Requirement: Shown below are entries with pictures; the line with "36309 Калибр Электрический" through the line with "FANCEY SAREE-SKU-200002552" is the span to retype exactly, and the pictures stay out.

━━━━━ Provided data

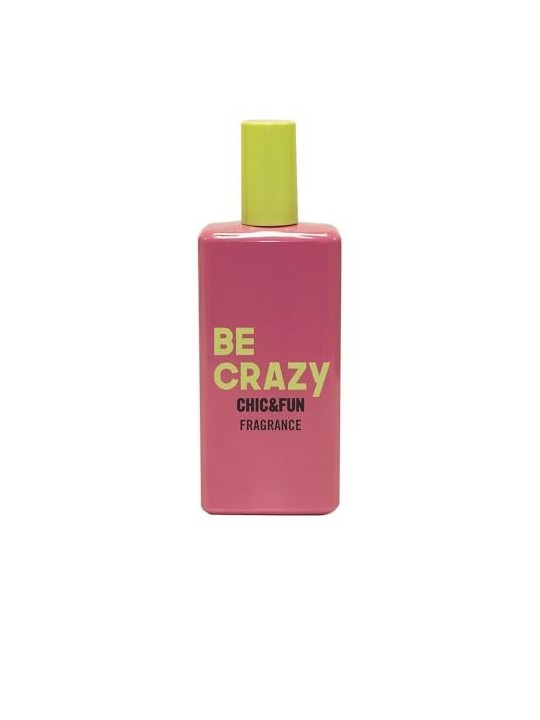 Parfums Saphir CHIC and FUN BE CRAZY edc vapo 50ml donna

━━━━━━━━━━
━━━━━ Provided data

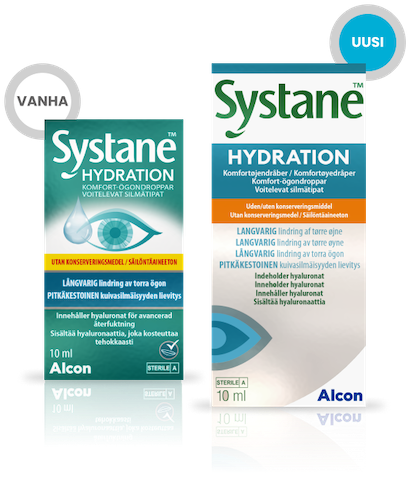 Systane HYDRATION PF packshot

━━━━━━━━━━
━━━━━ Provided data

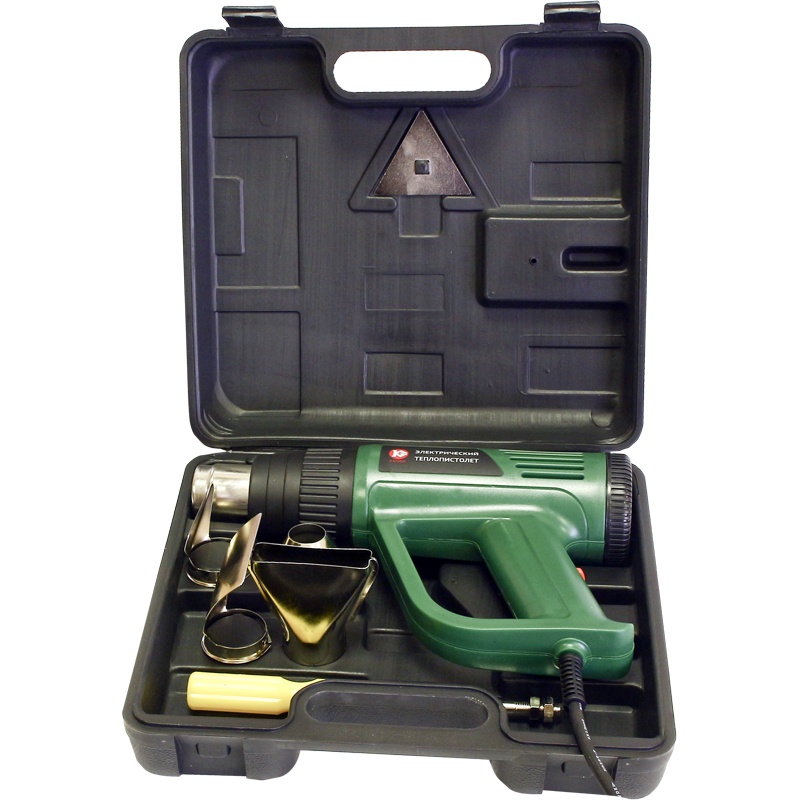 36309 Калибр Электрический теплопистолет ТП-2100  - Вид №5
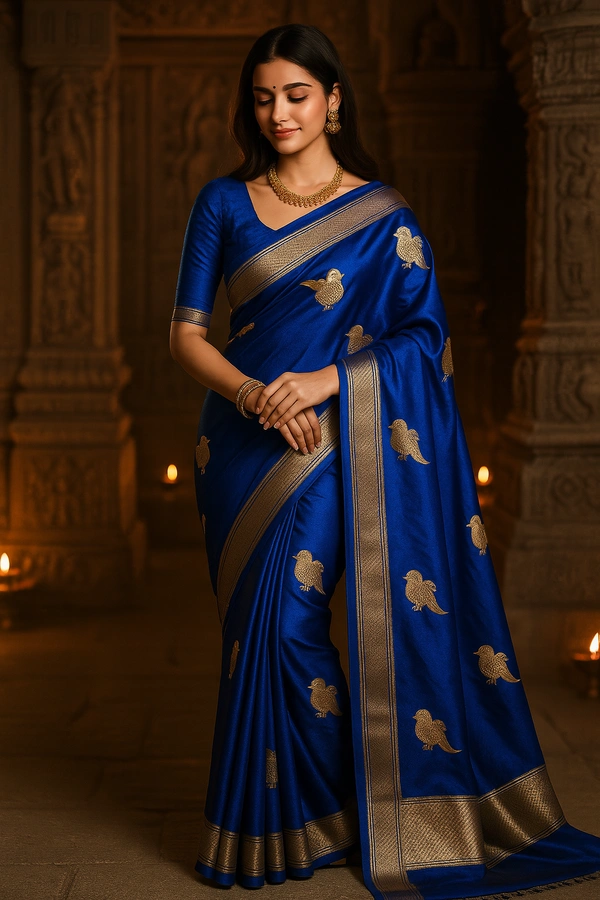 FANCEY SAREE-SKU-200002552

━━━━━━━━━━

Reply to the exercise:
 36309 Калибр Электрический теплопистолет ТП-2100  - Вид №5
 FANCEY SAREE-SKU-200002552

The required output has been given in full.